This is a retrospective analysis of patients who had one or more cyto-I thyroid nodules (Bethesda category III/IV) on thyroid FNA biopsy at The Ohio State University Medical Center. The decision of whether to proceed with FNA for each thyroid nodule was made according to the clinical judgment of the treating physicians and patient preference. The FNA samples were obtained with a 25- or 27-gauge needle under ultrasound guidance. Two dedicated needle insertions were obtained for molecular testing at the time of the initial FNA. The specimens were stored in a −75°C freezer. Samples with cytology results reported as cyto-I cytology were eligible for additional testing with GEC (February 2, 2011–July 11, 2017) or GSC (July 11, 2017–December 19, 2018). All samples were shipped at a temperature of 2–25°C to Veracyte, Inc. for testing. Thus, all cytology readings rendered from our team of academic cytopathology specialists in head and neck cancer occurred independent of the subsequent molecular test. The determination of whether to proceed with surgery and to what extent or to monitor was made by the treating physician and the patients. In the case of surgical intervention, the histologic diagnosis was rendered by academic pathologists specializing in head and neck pathology. The data collection was approved by our institutional review board (IRB No.: 2017H0464).

Statistical analysis

Patient and nodule characteristics were summarized by GEC/GSC test result (benign or suspicious) separately for nodules undergoing GEC and GSC testing. Continuous variables were compared between benign/suspicious molecular result groups by t-test or Wilcoxon rank-sum test and categorical variables were compared by chi-square tests.
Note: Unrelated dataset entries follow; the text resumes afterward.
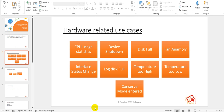Temperature too high or too low events can also be captured. Conserve mode is entered when memory utilization on a FortiGate firewall exceeds 80 percent. If memory utilization reaches 90 percent in conserve mode, the FortiGate may stop processing traffic, potentially causing an outage. So you should have a use case triggered for conserve mode entered. These were some of the hardware-related use cases.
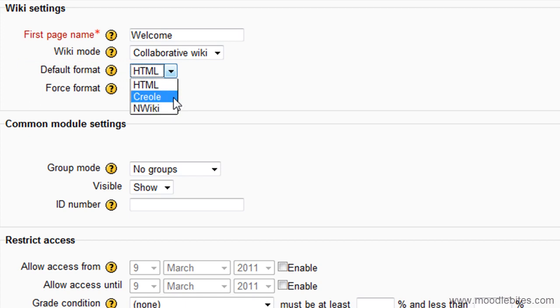Creole, a common wiki markup language for which a small editor toolbar is available. NWiki, media wiki-like markup language used in the contributed NWiki module.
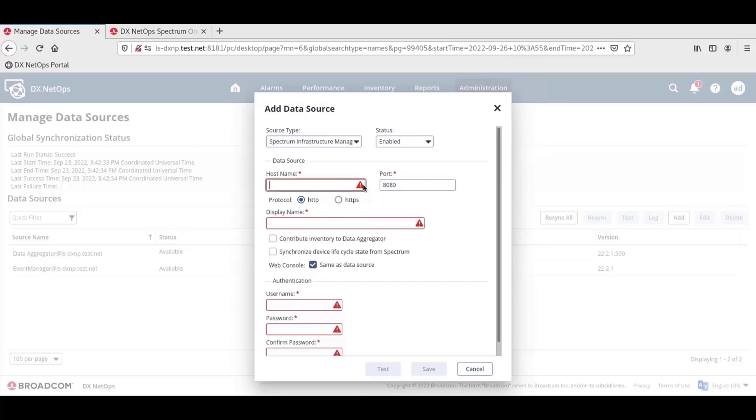When you are integrating with Spectrum, you will need the hostname, port, and administrator credentials for the Spectrum one-click web console UI server configured when Spectrum was installed, so make sure you have this information at hand.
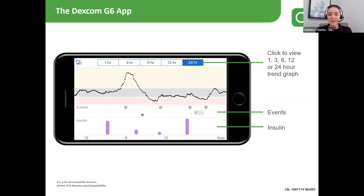They can also add in events here, such as carbs, exercise, insulin, and health, that will tag along with their data.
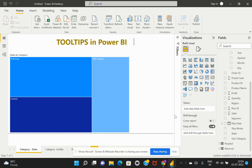Hello everyone. Welcome back to my channel. Today we will be talking about how to customize tooltips in Power BI. Tooltips are an elegant way of providing more contextual information and detail to data points on a visual.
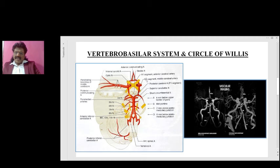When we come to the cortex, the entire cortex is supplied by the middle cerebral artery. You can see the M1 segment of the middle cerebral artery. The occipital cortex is supplied by the posterior cerebral artery, and the medial part of the frontal lobe is supplied by the anterior cerebral artery. There is a communication between the two anterior cerebral arteries in the form of the anterior communicating artery, and between the carotid circulation and the vertebral basilar circulation through the posterior communicating artery.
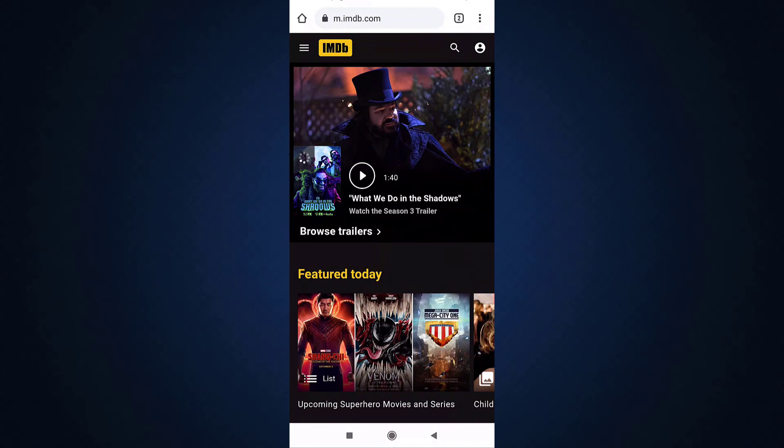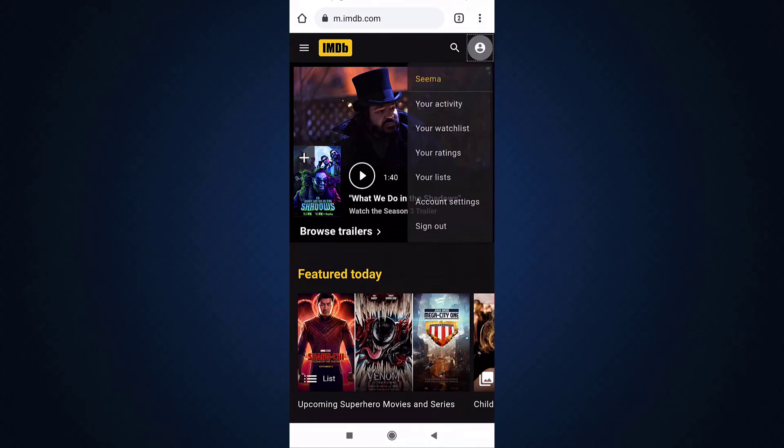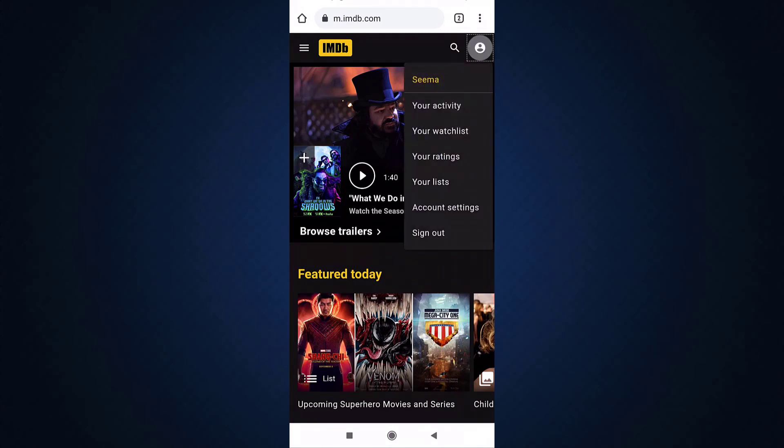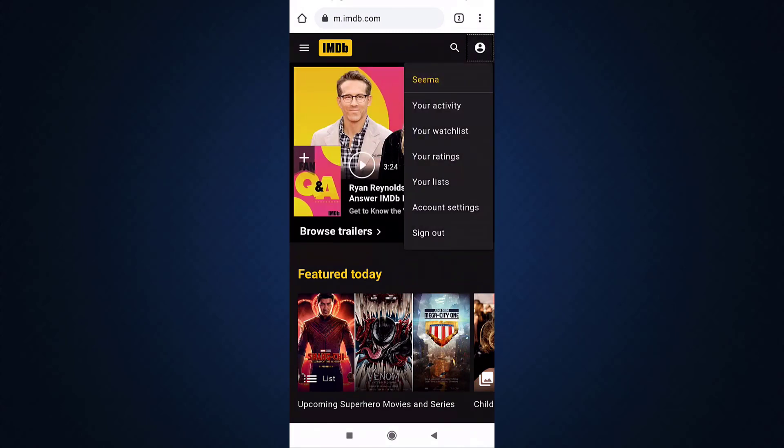Be sure that you're logged in to your account, then tap on the profile icon which is on top right of your screen. There you'll see the option of account settings. Tap on it.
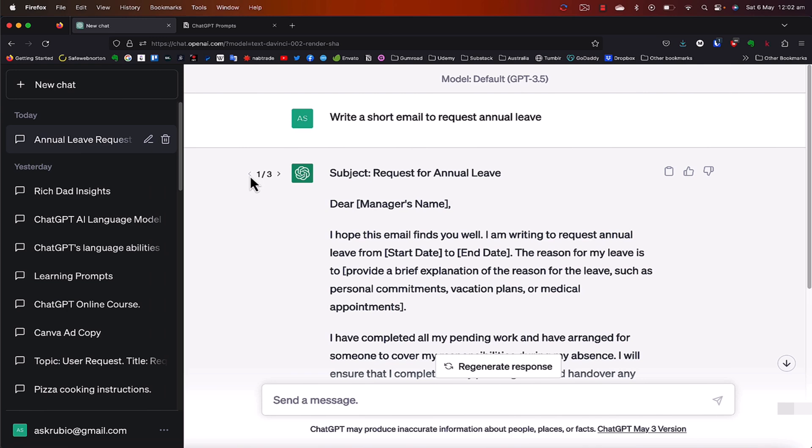I hope you enjoyed this. And I'm sure that you're going to be writing a lot of emails with the assistance of ChatGPT now that you know you can use it for this as well. All right, guys. I'll see you on the next one. Cheers. Bye.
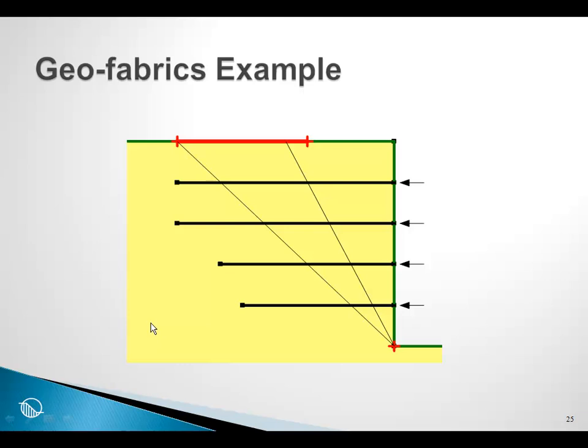Now we will move on to looking at a geofabric. Once again, a geofabric is exactly like a nail, in that the bond length is equal to the anchor length, or nail length, or geofabric length, so to speak.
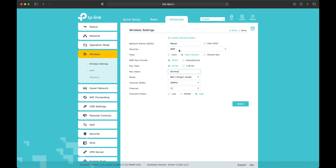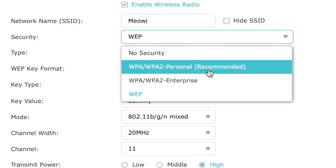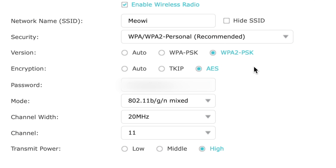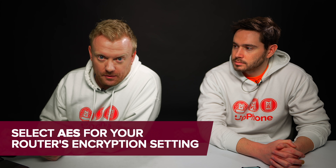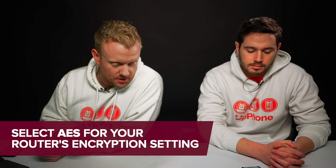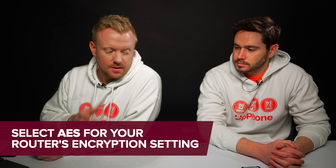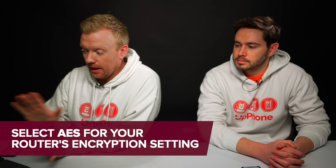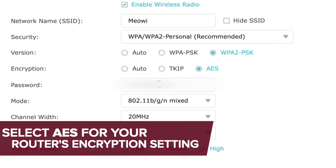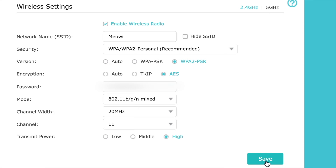Under Security, change this to WPA/WPA2 Personal. Then make sure it's set to WPA2 at the top and AES is selected. This has as much to do with security as it does with reliability and performance. AES is the way to go — TKIP, forget it. Then set your password, which I'm going to blur out, and click Save.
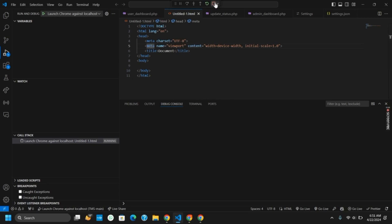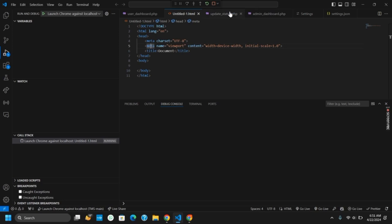Likewise for the next method, what you have to do is stop by clicking on this square red icon which will now stop the debugging. After that you can click on run and start to debug again using Google Chrome.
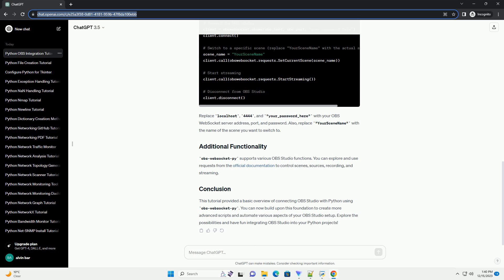You can explore and use requests from the official documentation to control scenes, sources, recording, and streaming.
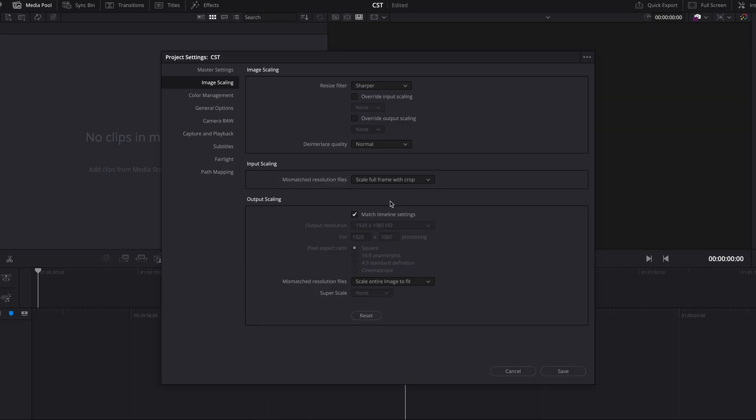So some of you were asking about the settings so I decided to make a separate video about project settings in order to do CST on the node tree.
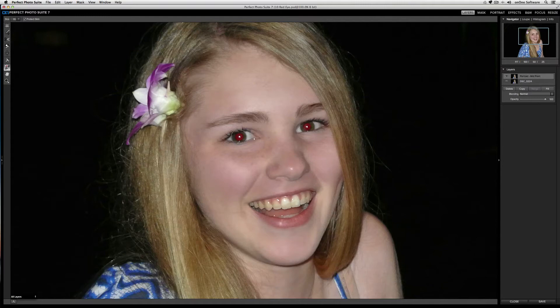Now that I have my brush in place, I'll just click, and all the red eye is removed. I'll go to the second eye, click, and the red eye is removed again.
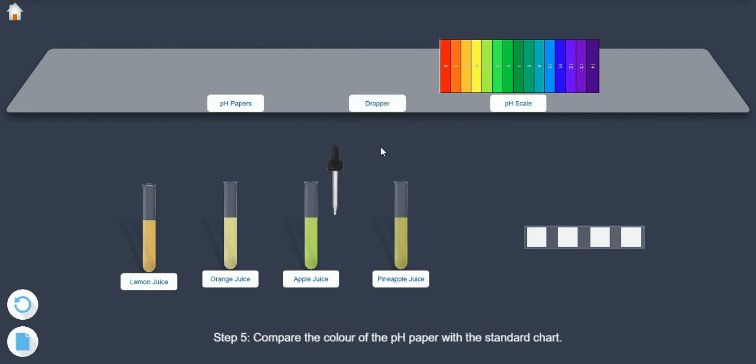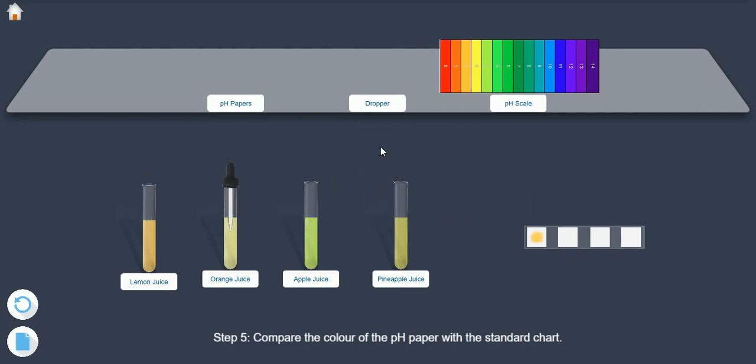Step 5: Compare the color of the pH paper with the standard chart.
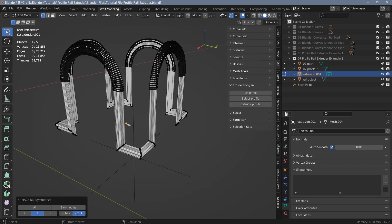That's how Profile Rail Extruder works. I hope you found this video helpful. Thanks for watching and I'll see you again in another video soon.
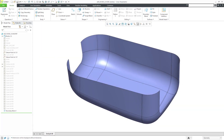In Creo Parametric, the Thicken command allows you to add thickness to a quilt in order to add or remove material from your model. Let's take a look at how to use it.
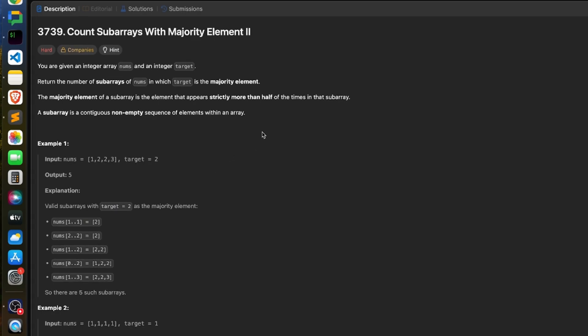I have an O(n log n) solution, and I can say that the solution I'm going to discuss would be the easiest solution you would ever see for this fourth problem. I will solve this problem using a policy-based data structure. Let's see how we can approach it.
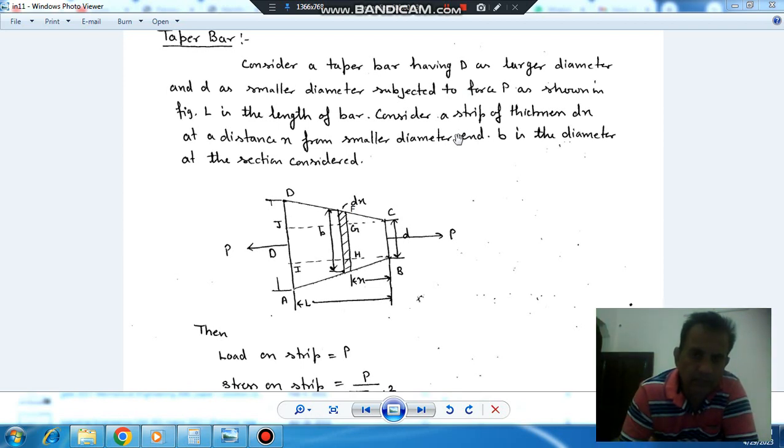Hello, welcome again. We are covering some theory of strength of material. The topic is taper bar.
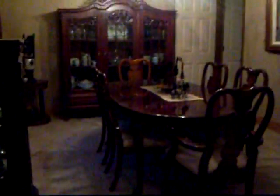Okay, here's a video of my house. This is the dining room.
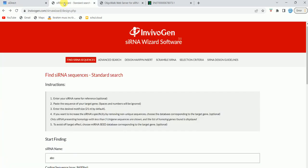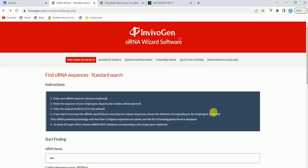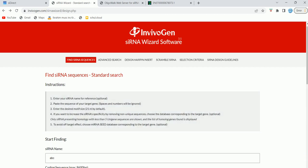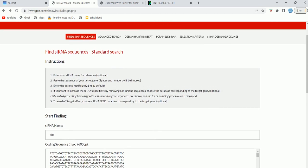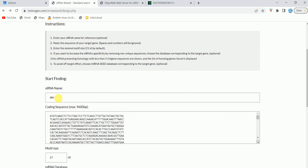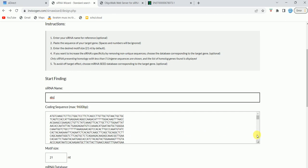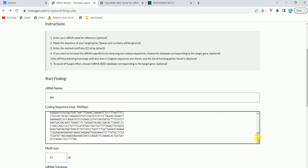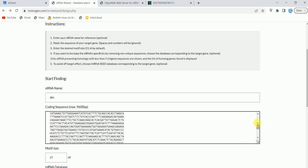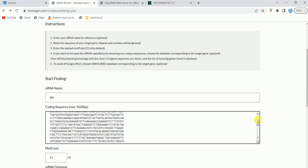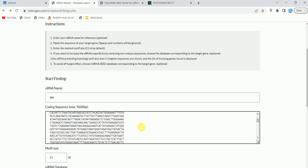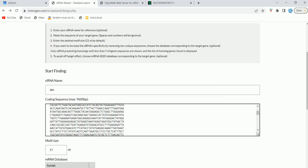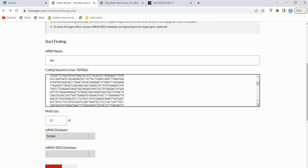Another tool is called siRNA Wizard. The website is invivogen.com/sirnaWizard. Here, what you need to do is put the name of the siRNA. For the purpose of demonstration, I have put ABC in this start name area, and the coding sequence—the maximum you are allowed to put is 9600 base pairs. Here I have already put the coding sequence, so it is below 9600. Basically you can design siRNA against any of your coding sequence of interest.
For both GEC and GSC, the diagnostic classification measures of sensitivity, specificity, PPV, and NPV were calculated both for the overall sample and separately for Bethesda III and Bethesda IV nodules. For statistical purposes, true status for each nodule was determined under two scenarios, with classification measures calculated for each: (1) true status determined by surgical pathology or a benign GEC/GSC test with no surgical pathology available considered truly benign by the expert treating physician based on ultrasound/clinical characteristics and (2) “true” status determined by surgical pathology only. Noninvasive Follicular Thyroid Neoplasm with Papillary-Like Nuclear Features (NIFTP) was classified as “malignant” due to the current recommendations for management with hemithyroidectomy (15 –17). For each diagnostic classification measure, exact binomial 95% confidence intervals [CIs] were calculated using the Clopper–Pearson method. Benign call rate, PPV, specificity, and surgical intervention rates were compared between GEC and GSC by Fisher's exact tests. For an analysis of categorical data to assess for the presence of an association between a variable with two categories and an ordinal variable with k categories, the Cochran–Armitage Trend Test was used. All analyses were performed using SAS software version 9.4 (SAS Institute, Cary, NC).

Results

Nodules with GEC testing

The GEC was performed on 428 thyroid nodule samples from February 2011 to July 2017. Of these, 343 nodules from 317 unique patients were included. Eighty-five nodules were excluded: 38 due to missing patient information, 24 due to nondiagnostic GEC results, 17 due to nondiagnostic cytology results, 3 due to benign cytology results, and 3 due to molecular results indicating parathyroid tissue (Fig. 1). Of the 343 included cases, 228 (66.5%) were categorized on cytology as Bethesda III and 115 (33.5%) as Bethesda IV. For the Bethesda category III, 95 cases were read as AUS, 130 cases were read as FLUS, and 3 cases were reported as “atypical follicular cells.” Cytological diagnoses of Bethesda IV were SFN in 86 cases and suspicious for HCN in 29 cases.

FIG. 1.

Exclusions and samples of study patients in GEC cohort. FNA, fine needle aspiration; GEC, Gene Expression Classifier; PTMC, papillary thyroid microcarcinoma.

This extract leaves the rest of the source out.